(Pictures with short captions)
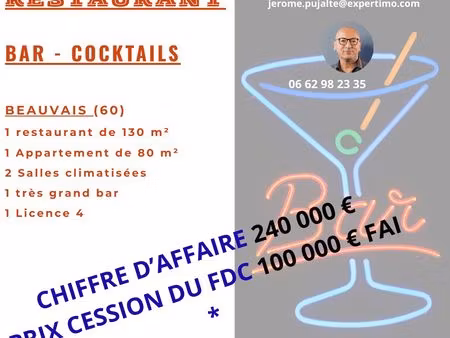 bar  fonds de commerce  restaurant 130 m² beauvais
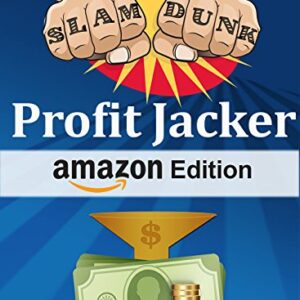 Slam Dunk Profit Jacker Amazon Edition: Amazon Affiliate Marketing Program Blueprint. Guaranteed Profits Using Bing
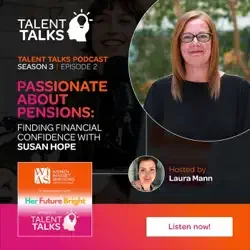 Podcast cover art for Talent Talks, season 3, episode 2, titled 'Passionate About Pensions,' hosted by Laura Mann, featuring Susan Hope. Includes logos for Women's World Banking and Her Future Bright, with a 'Listen now!' button.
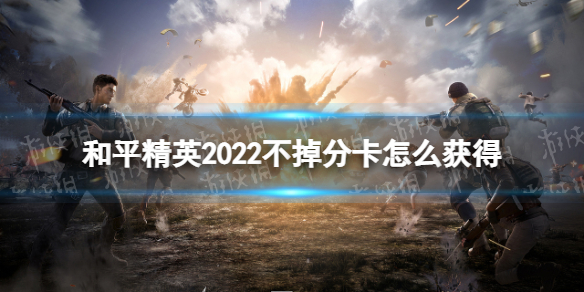 和平精英2022不掉分卡怎么获得 2022不掉分卡获取方式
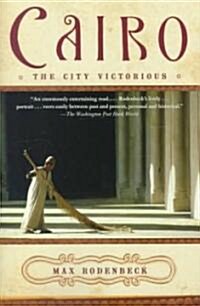 Cairo: The City Victorious (Paperback)
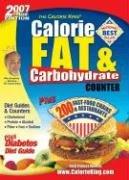 Cover of: The Calorie King Calorie, Fat & Carbohydrate Counter 2007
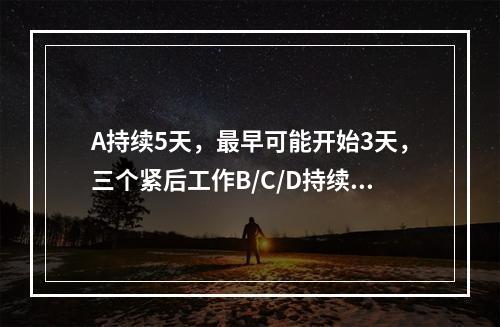 A持续5天，最早可能开始3天，三个紧后工作B/C/D持续时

◆ **Your task**
Each entry is to be returned as it stands, and each picture is to be left out.

◆ **Result of the exercise**
 bar  fonds de commerce  restaurant 130 m² beauvais
 Slam Dunk Profit Jacker Amazon Edition: Amazon Affiliate Marketing Program Blueprint. Guaranteed Profits Using Bing
 Podcast cover art for Talent Talks, season 3, episode 2, titled 'Passionate About Pensions,' hosted by Laura Mann, featuring Susan Hope. Includes logos for Women's World Banking and Her Future Bright, with a 'Listen now!' button.
 和平精英2022不掉分卡怎么获得 2022不掉分卡获取方式
 Cairo: The City Victorious (Paperback)
 Cover of: The Calorie King Calorie, Fat & Carbohydrate Counter 2007
 A持续5天，最早可能开始3天，三个紧后工作B/C/D持续时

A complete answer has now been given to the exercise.